▶ Task prompt
Copy exactly the lines of the data below that run from the line holding "Oregon Ducks Plastic" through the line holding "Dámska tenká červená", both ends included.

Brief descriptive captions:
· · ·

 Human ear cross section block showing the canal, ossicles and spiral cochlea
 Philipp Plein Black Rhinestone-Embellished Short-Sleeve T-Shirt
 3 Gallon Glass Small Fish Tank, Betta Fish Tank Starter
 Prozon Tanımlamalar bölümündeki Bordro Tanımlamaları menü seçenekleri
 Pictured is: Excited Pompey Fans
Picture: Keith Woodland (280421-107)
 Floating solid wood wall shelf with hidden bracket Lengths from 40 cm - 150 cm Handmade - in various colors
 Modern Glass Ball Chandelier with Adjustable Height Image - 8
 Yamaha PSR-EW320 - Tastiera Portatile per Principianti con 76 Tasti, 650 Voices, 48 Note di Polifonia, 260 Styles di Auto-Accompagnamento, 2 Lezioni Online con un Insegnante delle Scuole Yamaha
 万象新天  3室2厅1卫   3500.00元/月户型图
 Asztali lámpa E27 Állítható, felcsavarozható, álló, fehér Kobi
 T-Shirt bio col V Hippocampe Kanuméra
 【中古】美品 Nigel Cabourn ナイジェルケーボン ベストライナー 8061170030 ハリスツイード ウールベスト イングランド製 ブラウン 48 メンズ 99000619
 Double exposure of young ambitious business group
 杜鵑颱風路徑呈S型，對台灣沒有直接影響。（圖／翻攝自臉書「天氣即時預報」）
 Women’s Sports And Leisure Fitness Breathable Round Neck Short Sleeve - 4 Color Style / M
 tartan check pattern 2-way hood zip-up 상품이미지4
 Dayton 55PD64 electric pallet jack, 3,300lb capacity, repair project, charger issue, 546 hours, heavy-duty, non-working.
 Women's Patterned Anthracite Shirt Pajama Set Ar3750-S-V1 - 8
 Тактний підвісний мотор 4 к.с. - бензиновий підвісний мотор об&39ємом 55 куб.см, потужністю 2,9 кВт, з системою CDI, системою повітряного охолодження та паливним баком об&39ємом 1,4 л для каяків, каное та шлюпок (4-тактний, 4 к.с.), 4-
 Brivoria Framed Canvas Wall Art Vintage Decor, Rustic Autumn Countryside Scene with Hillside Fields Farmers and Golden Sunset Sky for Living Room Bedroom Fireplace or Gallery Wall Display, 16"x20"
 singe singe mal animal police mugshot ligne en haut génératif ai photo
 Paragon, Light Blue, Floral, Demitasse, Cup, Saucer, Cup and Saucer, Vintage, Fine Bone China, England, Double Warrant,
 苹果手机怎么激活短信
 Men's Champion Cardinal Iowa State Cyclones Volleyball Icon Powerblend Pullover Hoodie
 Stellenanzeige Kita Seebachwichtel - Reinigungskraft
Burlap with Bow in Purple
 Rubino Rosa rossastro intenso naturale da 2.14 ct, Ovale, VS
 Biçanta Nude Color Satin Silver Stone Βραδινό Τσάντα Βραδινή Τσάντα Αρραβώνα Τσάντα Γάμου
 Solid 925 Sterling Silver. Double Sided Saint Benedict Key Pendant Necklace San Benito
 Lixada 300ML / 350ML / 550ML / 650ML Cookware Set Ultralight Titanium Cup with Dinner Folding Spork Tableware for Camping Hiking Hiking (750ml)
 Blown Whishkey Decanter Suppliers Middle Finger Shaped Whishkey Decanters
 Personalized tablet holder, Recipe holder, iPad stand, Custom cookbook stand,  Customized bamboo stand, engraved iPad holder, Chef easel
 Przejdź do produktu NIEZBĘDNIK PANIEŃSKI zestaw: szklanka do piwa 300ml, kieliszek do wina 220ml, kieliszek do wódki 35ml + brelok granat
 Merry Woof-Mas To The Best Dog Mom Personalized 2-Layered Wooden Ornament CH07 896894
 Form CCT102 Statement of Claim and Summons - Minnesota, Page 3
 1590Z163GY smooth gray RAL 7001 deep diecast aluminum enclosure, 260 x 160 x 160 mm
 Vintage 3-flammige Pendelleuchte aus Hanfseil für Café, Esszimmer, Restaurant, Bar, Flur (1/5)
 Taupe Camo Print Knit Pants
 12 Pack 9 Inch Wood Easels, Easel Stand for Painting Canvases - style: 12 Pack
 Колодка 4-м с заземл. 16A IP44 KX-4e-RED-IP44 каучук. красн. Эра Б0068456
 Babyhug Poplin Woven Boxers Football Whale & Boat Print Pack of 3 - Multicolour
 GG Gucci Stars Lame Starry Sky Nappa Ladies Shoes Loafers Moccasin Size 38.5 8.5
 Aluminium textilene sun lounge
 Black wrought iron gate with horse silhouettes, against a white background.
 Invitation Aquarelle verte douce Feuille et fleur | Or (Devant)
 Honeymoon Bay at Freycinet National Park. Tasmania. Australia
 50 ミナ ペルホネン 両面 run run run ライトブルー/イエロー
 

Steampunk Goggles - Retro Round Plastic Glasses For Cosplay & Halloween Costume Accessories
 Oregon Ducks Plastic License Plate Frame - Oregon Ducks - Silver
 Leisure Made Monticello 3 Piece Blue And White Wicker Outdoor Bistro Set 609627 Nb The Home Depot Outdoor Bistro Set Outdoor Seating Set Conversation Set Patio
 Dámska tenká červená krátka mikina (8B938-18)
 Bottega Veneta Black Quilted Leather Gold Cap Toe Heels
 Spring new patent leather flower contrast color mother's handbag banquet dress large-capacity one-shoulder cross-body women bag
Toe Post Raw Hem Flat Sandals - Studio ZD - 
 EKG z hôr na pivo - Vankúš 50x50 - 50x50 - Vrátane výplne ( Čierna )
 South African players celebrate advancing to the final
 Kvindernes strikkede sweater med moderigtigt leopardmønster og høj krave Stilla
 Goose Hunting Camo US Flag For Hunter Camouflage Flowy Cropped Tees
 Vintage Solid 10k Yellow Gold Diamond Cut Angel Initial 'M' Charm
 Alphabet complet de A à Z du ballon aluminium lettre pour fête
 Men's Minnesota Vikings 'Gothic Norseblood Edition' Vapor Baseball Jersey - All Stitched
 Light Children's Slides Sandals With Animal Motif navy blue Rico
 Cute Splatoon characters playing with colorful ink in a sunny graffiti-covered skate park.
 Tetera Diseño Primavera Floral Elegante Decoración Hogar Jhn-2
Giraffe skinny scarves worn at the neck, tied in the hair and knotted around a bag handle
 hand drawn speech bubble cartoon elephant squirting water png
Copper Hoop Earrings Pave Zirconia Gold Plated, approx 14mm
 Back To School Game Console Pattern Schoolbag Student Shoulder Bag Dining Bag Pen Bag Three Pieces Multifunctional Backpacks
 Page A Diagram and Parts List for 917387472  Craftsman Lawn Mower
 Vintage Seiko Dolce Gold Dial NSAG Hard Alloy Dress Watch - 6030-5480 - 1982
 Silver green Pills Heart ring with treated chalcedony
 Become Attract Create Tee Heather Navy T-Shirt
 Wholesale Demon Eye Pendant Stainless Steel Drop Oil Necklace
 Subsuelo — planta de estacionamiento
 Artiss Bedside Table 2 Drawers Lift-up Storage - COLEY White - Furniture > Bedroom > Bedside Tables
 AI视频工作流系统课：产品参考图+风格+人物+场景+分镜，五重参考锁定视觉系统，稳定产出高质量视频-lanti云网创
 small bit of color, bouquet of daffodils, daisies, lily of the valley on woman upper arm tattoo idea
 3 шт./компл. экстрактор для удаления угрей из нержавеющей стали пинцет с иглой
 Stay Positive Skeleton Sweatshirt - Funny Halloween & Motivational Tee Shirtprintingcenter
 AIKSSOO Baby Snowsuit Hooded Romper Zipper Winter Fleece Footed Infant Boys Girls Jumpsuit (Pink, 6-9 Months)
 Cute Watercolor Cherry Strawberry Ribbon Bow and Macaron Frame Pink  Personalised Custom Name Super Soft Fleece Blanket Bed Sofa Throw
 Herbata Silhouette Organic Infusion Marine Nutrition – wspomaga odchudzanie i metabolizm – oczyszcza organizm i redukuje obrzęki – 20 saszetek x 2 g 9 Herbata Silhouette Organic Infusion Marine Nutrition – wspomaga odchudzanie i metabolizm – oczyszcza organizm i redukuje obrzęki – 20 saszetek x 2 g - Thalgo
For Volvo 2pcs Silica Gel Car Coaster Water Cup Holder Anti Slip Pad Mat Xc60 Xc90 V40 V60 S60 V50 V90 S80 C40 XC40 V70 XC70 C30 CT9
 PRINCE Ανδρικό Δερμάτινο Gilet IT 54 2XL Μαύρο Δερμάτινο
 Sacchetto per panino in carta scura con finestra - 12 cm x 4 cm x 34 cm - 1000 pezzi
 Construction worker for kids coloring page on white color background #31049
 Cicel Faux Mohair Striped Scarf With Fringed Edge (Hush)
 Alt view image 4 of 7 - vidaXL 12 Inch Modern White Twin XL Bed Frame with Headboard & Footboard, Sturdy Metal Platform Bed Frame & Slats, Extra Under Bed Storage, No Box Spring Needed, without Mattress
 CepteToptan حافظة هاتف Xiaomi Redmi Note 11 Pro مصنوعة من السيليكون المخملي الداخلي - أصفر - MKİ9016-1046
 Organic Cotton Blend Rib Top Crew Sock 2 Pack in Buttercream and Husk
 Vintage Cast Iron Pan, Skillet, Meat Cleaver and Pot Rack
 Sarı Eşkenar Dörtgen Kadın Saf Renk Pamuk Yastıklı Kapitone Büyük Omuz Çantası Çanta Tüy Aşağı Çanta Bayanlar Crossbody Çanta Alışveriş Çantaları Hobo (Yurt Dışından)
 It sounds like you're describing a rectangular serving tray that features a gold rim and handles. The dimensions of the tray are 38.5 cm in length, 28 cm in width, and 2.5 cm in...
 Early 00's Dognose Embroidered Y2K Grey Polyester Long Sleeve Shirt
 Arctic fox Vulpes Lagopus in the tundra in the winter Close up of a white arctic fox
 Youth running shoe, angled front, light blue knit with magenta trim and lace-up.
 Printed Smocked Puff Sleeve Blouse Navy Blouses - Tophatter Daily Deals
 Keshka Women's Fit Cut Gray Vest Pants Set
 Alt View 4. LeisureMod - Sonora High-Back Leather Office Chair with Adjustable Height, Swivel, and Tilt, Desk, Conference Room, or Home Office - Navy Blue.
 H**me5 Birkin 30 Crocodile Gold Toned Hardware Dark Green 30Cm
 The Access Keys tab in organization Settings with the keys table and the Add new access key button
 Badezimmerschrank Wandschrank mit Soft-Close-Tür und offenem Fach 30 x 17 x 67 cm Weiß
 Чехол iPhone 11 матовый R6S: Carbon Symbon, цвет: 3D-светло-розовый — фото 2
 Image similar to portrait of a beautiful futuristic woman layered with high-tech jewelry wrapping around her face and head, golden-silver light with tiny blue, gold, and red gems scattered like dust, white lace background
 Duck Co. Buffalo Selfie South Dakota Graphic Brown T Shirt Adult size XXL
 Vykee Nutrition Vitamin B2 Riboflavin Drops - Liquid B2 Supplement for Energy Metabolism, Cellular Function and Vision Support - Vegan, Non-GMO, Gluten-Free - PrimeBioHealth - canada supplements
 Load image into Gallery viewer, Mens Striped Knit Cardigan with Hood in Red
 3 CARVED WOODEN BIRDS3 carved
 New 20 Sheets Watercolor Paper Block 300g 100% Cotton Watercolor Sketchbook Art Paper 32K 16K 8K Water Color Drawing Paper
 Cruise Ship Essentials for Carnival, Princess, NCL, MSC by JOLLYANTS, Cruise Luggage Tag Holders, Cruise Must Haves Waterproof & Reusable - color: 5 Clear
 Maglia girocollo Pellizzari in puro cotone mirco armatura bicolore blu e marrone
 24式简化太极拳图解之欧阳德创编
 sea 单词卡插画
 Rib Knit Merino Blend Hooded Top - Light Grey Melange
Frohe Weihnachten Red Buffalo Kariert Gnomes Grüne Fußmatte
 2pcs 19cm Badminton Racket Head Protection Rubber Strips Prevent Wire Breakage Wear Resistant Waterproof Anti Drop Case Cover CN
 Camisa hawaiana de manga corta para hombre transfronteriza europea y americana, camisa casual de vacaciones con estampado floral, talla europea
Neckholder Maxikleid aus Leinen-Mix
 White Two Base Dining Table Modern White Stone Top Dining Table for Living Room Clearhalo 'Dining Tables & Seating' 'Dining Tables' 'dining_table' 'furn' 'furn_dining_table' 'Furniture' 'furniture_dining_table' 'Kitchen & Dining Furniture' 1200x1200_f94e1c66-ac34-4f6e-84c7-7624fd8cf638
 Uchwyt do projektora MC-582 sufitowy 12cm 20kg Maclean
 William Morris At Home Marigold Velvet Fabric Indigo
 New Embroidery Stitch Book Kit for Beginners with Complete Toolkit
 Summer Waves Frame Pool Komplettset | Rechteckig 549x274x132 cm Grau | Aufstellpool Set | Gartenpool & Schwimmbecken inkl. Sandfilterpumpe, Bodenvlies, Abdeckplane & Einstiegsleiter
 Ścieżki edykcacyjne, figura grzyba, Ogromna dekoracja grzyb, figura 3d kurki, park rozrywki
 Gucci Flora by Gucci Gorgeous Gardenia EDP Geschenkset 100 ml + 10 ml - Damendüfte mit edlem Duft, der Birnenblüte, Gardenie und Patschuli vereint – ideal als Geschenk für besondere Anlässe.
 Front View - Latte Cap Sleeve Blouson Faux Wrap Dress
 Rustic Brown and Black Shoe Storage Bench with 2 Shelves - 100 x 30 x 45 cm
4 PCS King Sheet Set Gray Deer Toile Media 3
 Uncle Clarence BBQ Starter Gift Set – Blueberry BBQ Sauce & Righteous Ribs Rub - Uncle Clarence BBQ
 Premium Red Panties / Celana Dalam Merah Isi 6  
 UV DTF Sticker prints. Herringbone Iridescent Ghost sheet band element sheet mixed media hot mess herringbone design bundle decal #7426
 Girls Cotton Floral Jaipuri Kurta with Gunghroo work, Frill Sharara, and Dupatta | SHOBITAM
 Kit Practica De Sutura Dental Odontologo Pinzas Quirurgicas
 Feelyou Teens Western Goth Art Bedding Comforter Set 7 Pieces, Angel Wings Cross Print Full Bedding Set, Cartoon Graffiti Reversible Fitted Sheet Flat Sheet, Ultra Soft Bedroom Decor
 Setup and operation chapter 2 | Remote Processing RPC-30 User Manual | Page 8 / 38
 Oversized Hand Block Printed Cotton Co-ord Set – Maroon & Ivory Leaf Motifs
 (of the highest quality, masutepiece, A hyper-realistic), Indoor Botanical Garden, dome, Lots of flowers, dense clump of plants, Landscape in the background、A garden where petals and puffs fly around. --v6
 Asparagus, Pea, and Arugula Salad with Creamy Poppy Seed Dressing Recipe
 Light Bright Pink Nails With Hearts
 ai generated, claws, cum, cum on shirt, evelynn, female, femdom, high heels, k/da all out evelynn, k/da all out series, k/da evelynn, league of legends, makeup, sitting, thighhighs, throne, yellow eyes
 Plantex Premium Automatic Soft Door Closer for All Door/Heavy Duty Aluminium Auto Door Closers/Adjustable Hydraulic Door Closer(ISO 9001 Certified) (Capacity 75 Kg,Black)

· · ·

▶ Result for this task
 Oregon Ducks Plastic License Plate Frame - Oregon Ducks - Silver
 Leisure Made Monticello 3 Piece Blue And White Wicker Outdoor Bistro Set 609627 Nb The Home Depot Outdoor Bistro Set Outdoor Seating Set Conversation Set Patio
 Dámska tenká červená krátka mikina (8B938-18)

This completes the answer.